Guardian of The Threshold - According To Theosophy

According To Theosophy

The Dweller of the Threshold (or Guardian of the Threshold) is a literary invention of the English mystic and novelist Edward Bulwer Lytton, found in his romance Zanoni (1842). Right after the novel, the term has obtained wide currency and usage in theosophical circles. The Guardian of the Threshold is a spectral figure and is the abstract of the debit and credit book of the individual. "It is the combined evil influence that is the result of the wicked thoughts and acts of the age in which any one may live, and it assumes to each student a definite shape at each appearance, being always either of one sort or changing each time" "This Dweller of the Threshold meets us in many shapes. It is the Cerberus guarding the entrance to Hades; the Dragon which St. Michael (spiritual will-power) is going to kill; the Snake which tempted Eve, and whose head will be crushed by the heel of the woman; the Hobgoblin watching the place where the treasure is buried, etc.
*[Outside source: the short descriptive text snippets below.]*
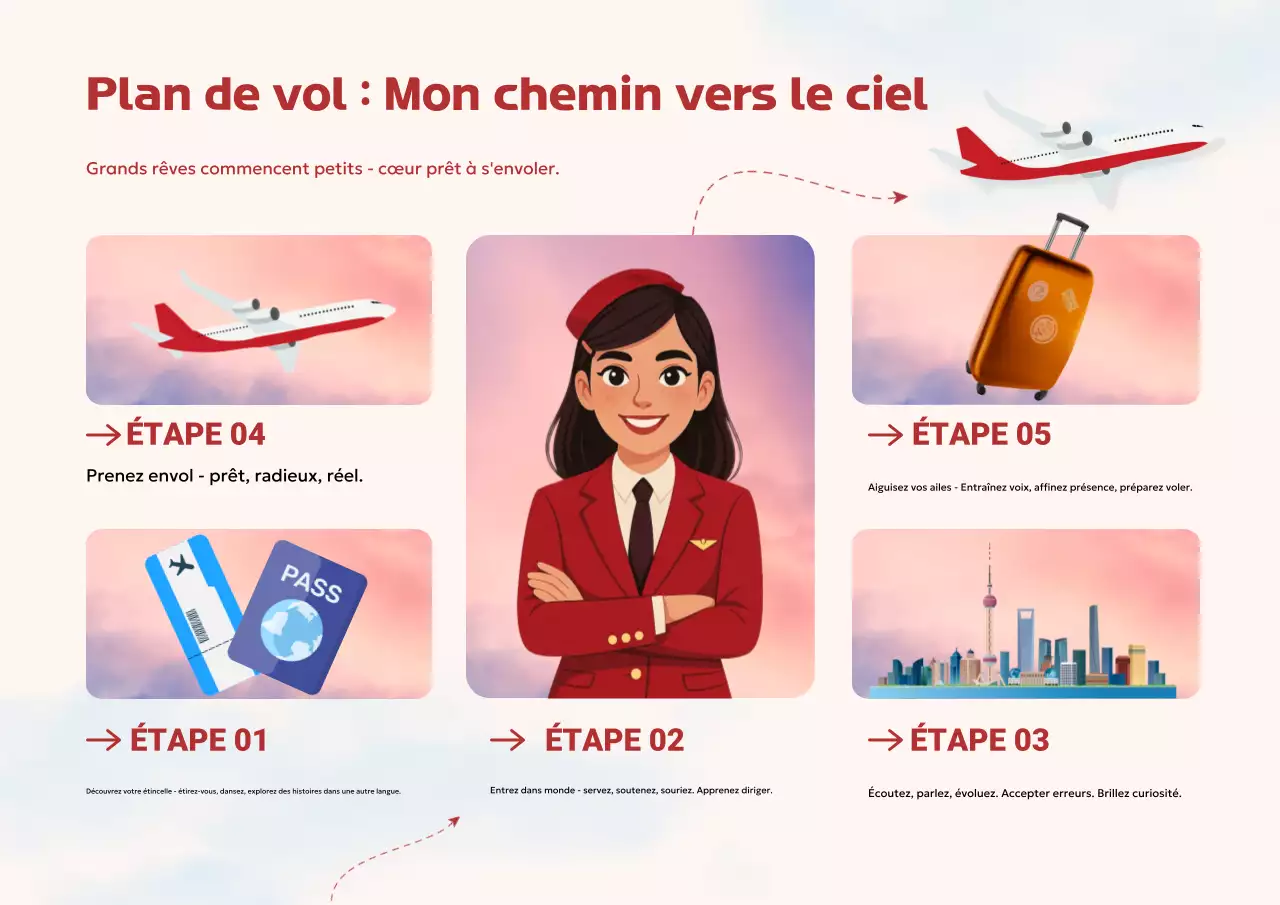 Présentation du guide de l'aviation moderne rouge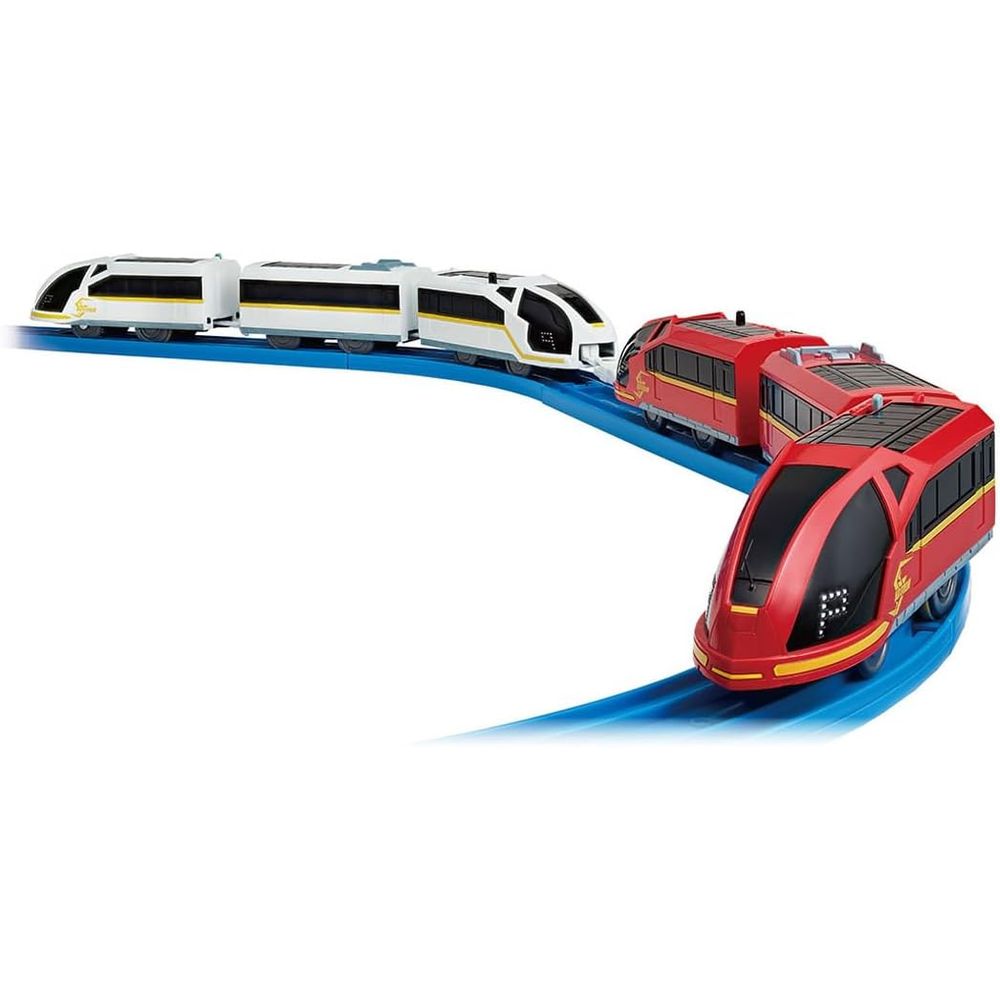 プラレール 前スイッチプラレール パノラマとっきゅうふみきりセット　L特急セット After 50 years, will it actually run?! I bought a used Tommy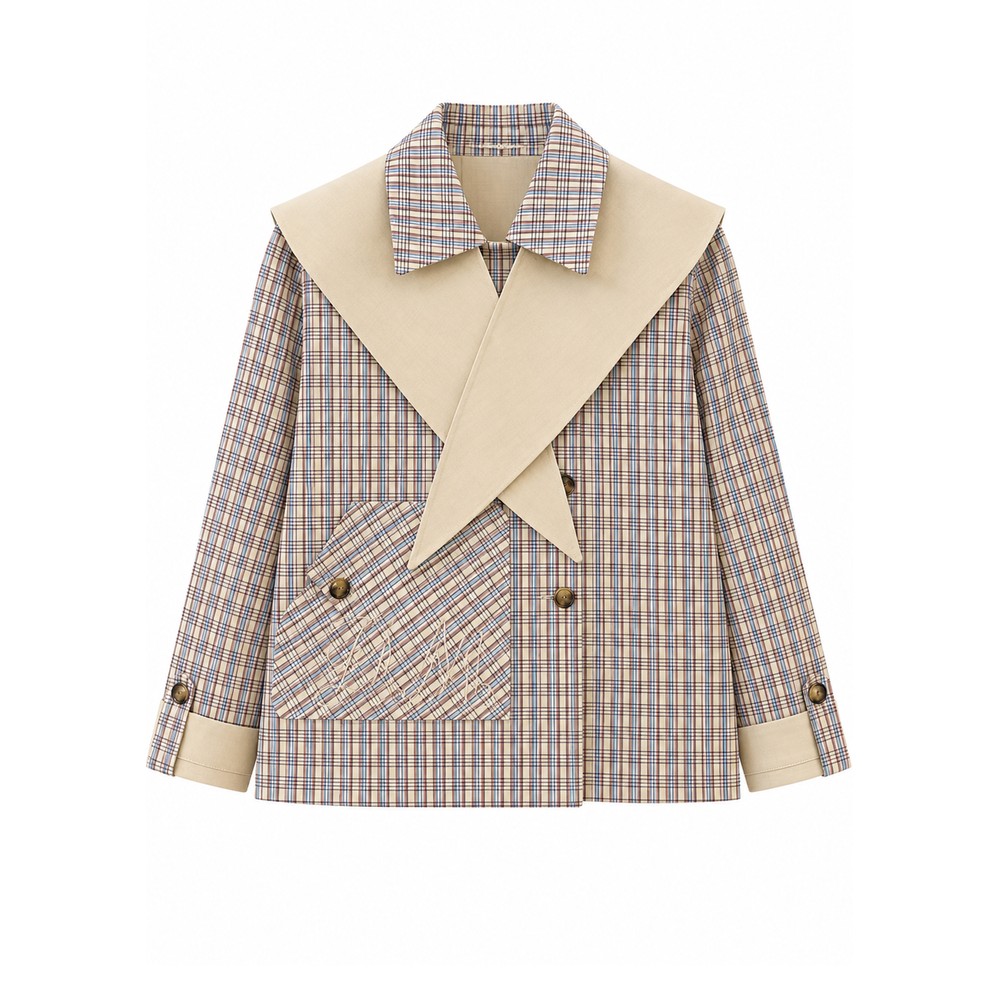 Image of Jerry Reversible Crop Trench - Stone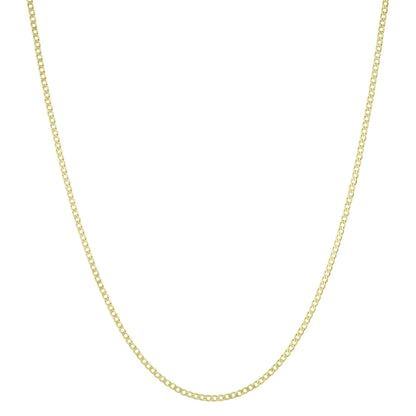 10k Semi-Solid Gold Curb Chain 2.1mm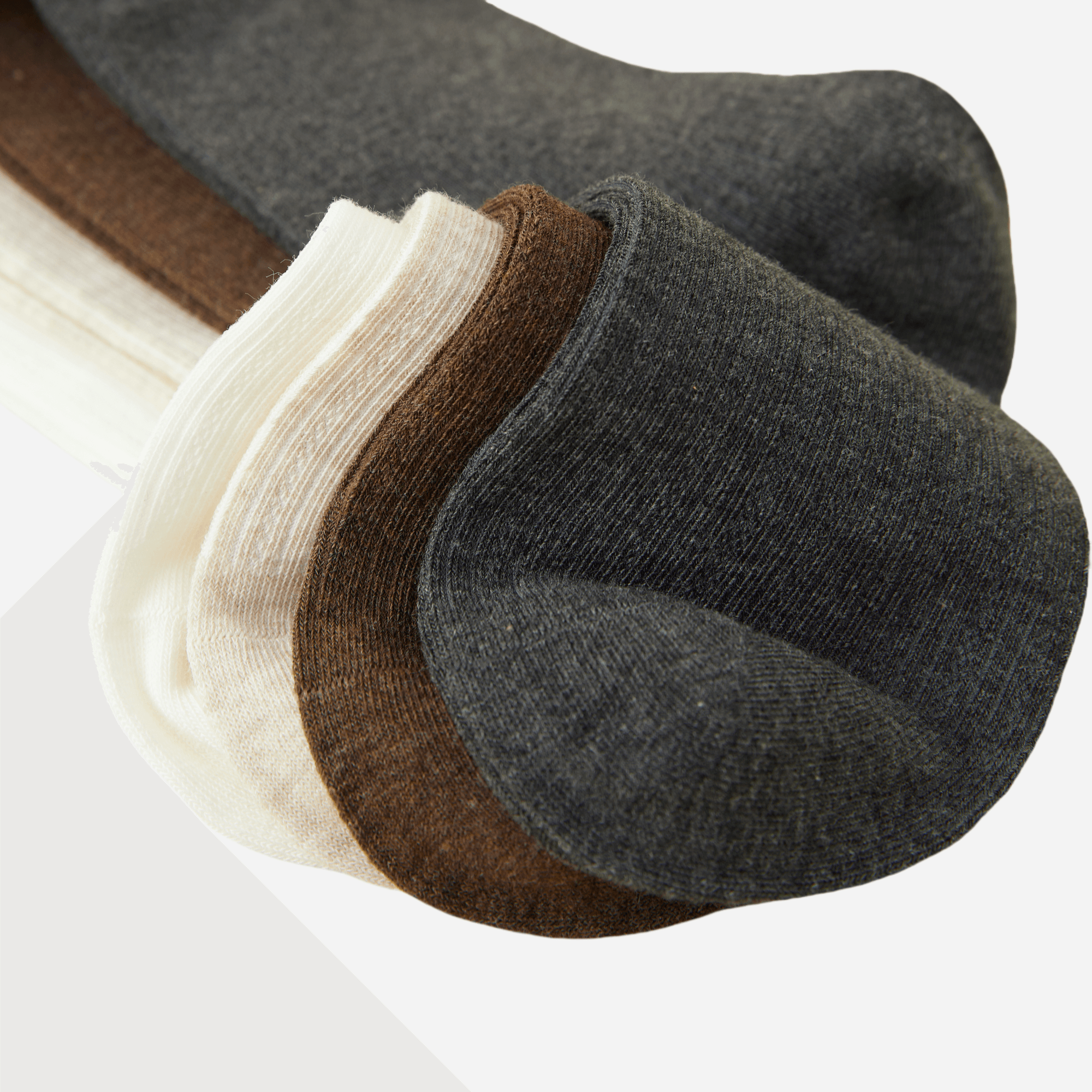 Women's Dainty Ruffle-Cuff Ribbed Socks - Single Pair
He is the king of evil, who will not permit that within his kingdom a child should grow up, which might surpass him in power; the Herod before whose wrath the divine child Christ has to flee into a foreign country, and is not permitted to return to his home (the soul) until the king (Ambition, Pride, Vanity, Self-righteousness, etc.) is dethroned or dead." According to Max Heindel, the Dweller on the Threshold (also called Guardian of the Threshold), which every aspirant has to meet -usually at an early stage of his progress into the unseen worlds- is one of the main causes of obsession of men interested in occultism.